Alias, la drogue c’est mal !
Tu dis ça parce qu’il n’y en avait plus pour toi.
Aussi.
Ça c’est du décryptage et du boulot…C’est vrai que ça “a mal vieilli” mais c’est ce qui le rend culte, dit-on. Comment peut-on regarder ça aujourd’hui au premier degré ou sans la petite nostalgie qui traîne.
Mais on peut aussi se dire que l’on ferait mieux, autrement aujourd’hui. Je n’ai jamais été fan des films à sketches parce que tu en as toujours un ou deux au dessus du lot et le reste moyen ou à jeter. J’ai quelques exceptions en tête mais rares…

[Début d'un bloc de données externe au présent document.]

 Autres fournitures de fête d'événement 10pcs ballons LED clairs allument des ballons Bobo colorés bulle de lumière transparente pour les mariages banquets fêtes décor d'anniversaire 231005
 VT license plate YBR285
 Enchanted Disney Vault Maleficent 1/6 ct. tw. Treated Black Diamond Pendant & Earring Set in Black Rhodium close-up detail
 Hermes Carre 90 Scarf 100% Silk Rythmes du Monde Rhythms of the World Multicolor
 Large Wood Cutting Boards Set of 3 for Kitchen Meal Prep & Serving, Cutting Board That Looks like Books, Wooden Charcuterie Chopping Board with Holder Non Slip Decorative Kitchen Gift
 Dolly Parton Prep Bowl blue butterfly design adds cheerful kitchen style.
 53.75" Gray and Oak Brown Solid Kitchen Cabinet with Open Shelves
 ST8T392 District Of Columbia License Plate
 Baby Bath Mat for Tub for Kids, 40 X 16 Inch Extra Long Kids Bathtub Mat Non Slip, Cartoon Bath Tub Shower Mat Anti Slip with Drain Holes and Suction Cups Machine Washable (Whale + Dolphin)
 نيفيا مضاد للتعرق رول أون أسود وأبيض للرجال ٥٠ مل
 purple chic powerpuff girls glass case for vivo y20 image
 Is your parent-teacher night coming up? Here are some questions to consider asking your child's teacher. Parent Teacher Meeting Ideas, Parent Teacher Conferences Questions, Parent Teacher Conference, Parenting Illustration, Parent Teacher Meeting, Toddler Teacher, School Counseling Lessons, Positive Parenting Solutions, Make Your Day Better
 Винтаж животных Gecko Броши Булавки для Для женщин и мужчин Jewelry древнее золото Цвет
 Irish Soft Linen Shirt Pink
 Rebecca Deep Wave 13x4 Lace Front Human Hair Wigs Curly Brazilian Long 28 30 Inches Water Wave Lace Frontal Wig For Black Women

Bon, l’industrie de l’animation et du cinéma n’étant pas au top en Suisse ou Namibie, fait que tu ailles très vite sur Cannes. Ça ferme bientôt
C’est une idée pour bloguer, pas forcément une idée pour faire, non plus.
Reprendre le scénario et le dessin, OK, par contre je garderais les chansons (mon côté VCI néophobe qui a usé la cassette de la B.O. dans son autoradio).
La seule entorse que je ferais serait de rajouter Vengeance (The Pact) du Blue Öyster Cult, qui faisait partie d’une série de morceaux qu’ils avaient écrit spécialement pour le film mais qui n’avaient pas été retenus :
Ouéménon, moi je veux du récent, du qui pète!
N’empêche que par ta faute, je me suis réécouté la B.O. tout à l’heure !
J’accepte l’entière responsabilité et je, euh… j’en suis très content. Voilà.
Ah forcément, les commentaires ne prennent pas l’insertion de vidéos, et comme on ne peut pas faire d’aperçu, je me suis fait avoir : https://www.youtube.com/watch?v=o0T8bzaxL14
De toutes façons, un remake de Métal Hurlant, ça existe déjà ! 😉
Il paraît, mais je veux mon mien à moi.